特種東海製紙、漱石の時代の装丁などの企画展
特種東海製紙は、4月2日から6月29日まで、同社のPam東京で「初版本と装丁 近代の文学、夏目漱石を中心に」と題する企画展を開催する。
この展示会は、同社収蔵品の中から漱石の作品を中心に、明治から昭和初期にかけて活躍した作家の初版作品を展示するもの。文豪と評され、今なお読み続けられる内容もさることながら、漱石の作品に対する美意識が込められた完成度の高いその外観を、同時代、そして漱石に影響を受けた後の作家たちの作品と比べると、興味深いものがある。

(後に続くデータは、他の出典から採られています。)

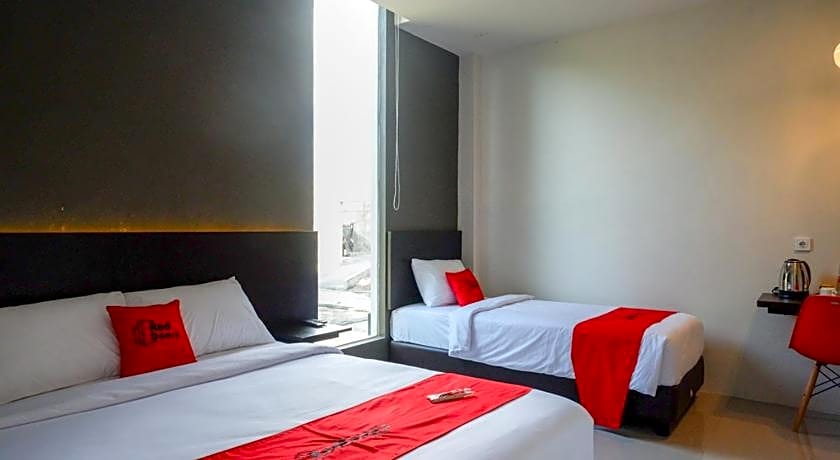 RedDoorz Plus near Solo Baru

明治になると製紙・印刷などの近代技術の導入に伴い書籍の形態も洋本形式となる。その中で、とくに美術に関心を持ち装丁や挿絵の重要性を感じていた漱石の作品は、造本にもこだわり、文学と美術が融合したとも言える美しい書籍に仕上がっている。
また、6月6日にはセミナーも開催する。講師に祖父江慎氏を招き、夏目漱石の本造りへのこだわりについて語ってもらう。時間は18時30分から。会場は特種東海製紙東京本社、定員80 名。入場は無料だが、予約が必要になる。